2018年12月08日

歪みの科学 腸腰筋が弱いと背骨はどうゆがむの?

みなさんこんばんは!


毎週金曜日は「歪み」をテーマにお届けいたしております(^^)


今日は、「歪みの科学 腸腰筋が弱いと背骨はどうゆがむの?」というテーマでお届けしたいと思います。


今日は金曜の夜ですが、いいご質問があったので質疑応答をご紹介して、そのあと解説したいと思います。

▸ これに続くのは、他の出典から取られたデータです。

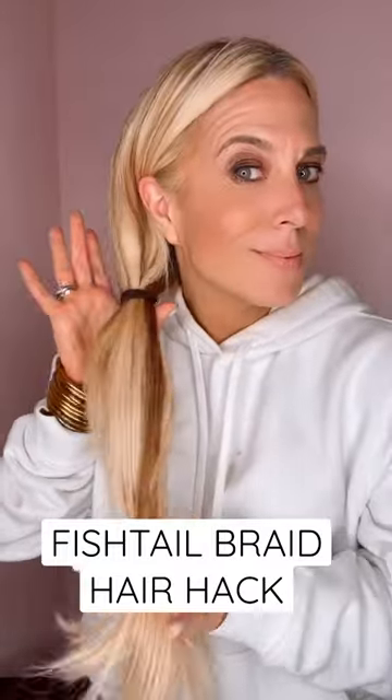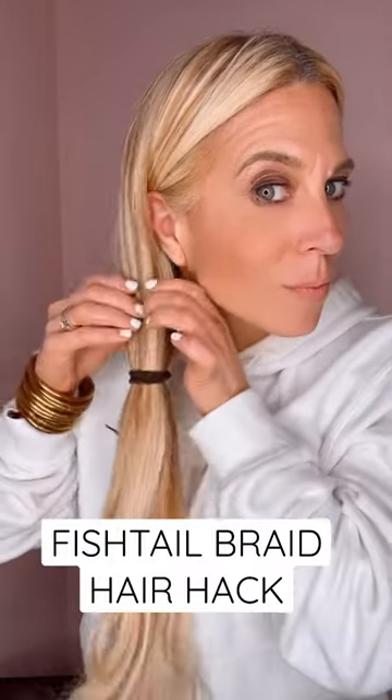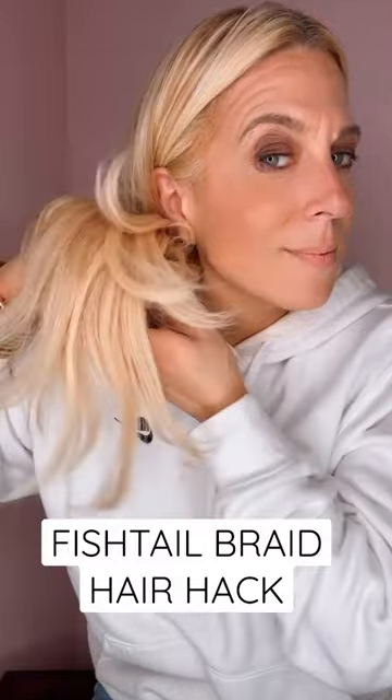Easy fishtail braid hair hack. Hey, it's Audrey. Start with the ponytail. You're going to topsy tail right in the middle, just like I'm doing here.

僕のブログ記事の一文「大腰筋、腸骨筋 (まとめて腸腰筋)が伸びると、腰が丸まっていき、いわゆる「猫背」になりやすくなります。

関連記事 「猫背の人も反り腰の人も大腰筋を鍛えると改善する」について!!


に対して、このようにご質問がありました。


Qこれ、伸びると、じゃなくて緊張すると、ではないんでしょうか?

A
いえ、腸腰筋が伸びると腰が後ろの方に伸びていってしまうので、(太ももに付着している部分を基準に考える)腰が丸くなってしまいます。

Q
前傾が基本の骨盤が前傾を失い、代償的に背部(胸椎部)の後彎が強まると考えればいいんでしょうか?

A
そんな感じです。この記事を見てもらえればわかりますが、腸腰筋の起始は重心線上にあるので、腸腰筋が緩むと、前めにも後ろにも骨盤が傾く可能性があります。

また、おっしゃる通り、腸腰筋が緊張しても骨盤と大腿を近づけるのでやはり腰が丸くなりやすくもなります。この辺は色々と複雑なんです(^^;


というものでした。


ちょっと大前提のお話をすると腸腰筋とは、背骨や骨盤から伸びて太ももに付着している筋肉で、足を上げるときに使われる最も大きな働きをする筋肉です。


IMG_3021.jpg



また、背骨と骨盤をつないでいる唯一の筋肉であり、この筋肉がまるて船のマストを引っ張って支えるロープのような働きをしています。


この記事でも書いているのですが、腸腰筋が背骨や骨盤の位置から出ている位置というのは人間が立ったときの重心線の上とほぼ同じ位置にあります。


ご質問者の意図は、この位置と太ももをつないでいる筋肉が緊張すると、この2点の距離を縮めてしまうことになります。


足の位置が同じであれば、腰が前方に引っ張られる形となるため腰が丸くなるという事をおっしゃっています。


これはこれで「あたり」です。


確かにこの両点の距離が縮まれば腰は丸くなり猫背になってしまいます。


ただし、これは二つパターンがあって、腰が前に引っ張られたら、それを補おうと上体を後ろにそらしてバランスをとる場合もあります。


これだと「反り腰」になりますね(^^;


腰が前に出て、そのまま背中を丸めるとお年寄りのような猫背型を描くようになります。


しかし、ここで一つ問題があります。


腸腰筋・・・めっちゃ鍛えているという方、たくさんいらっしゃいますでしょうか?


多分あまりいないと思うのですが(^^;


そして鍛えていない筋肉は張力が弱いので伸びやすくなります。


つまり緊張して縮まるというよりは、鍛えていなくて伸びる可能性の方が多いのです。


ではこの両点が「伸びる」とどうなるのか?


これも二つのパターンがあるのです。


筋肉の付着部が重心線上にあるということは、「前」にも「「後ろ」にもずれる可能性があるのです。
(ここめっちゃ大事!!)


もしこれが「前」に伸びてしまったら、腰が前にスライドしていくことになります。


これだと先ほどの緊張した状態と同じように腰が前にスライドするため。反り腰になるか、そのまま背中を丸めて猫背になるかのいずれかになります。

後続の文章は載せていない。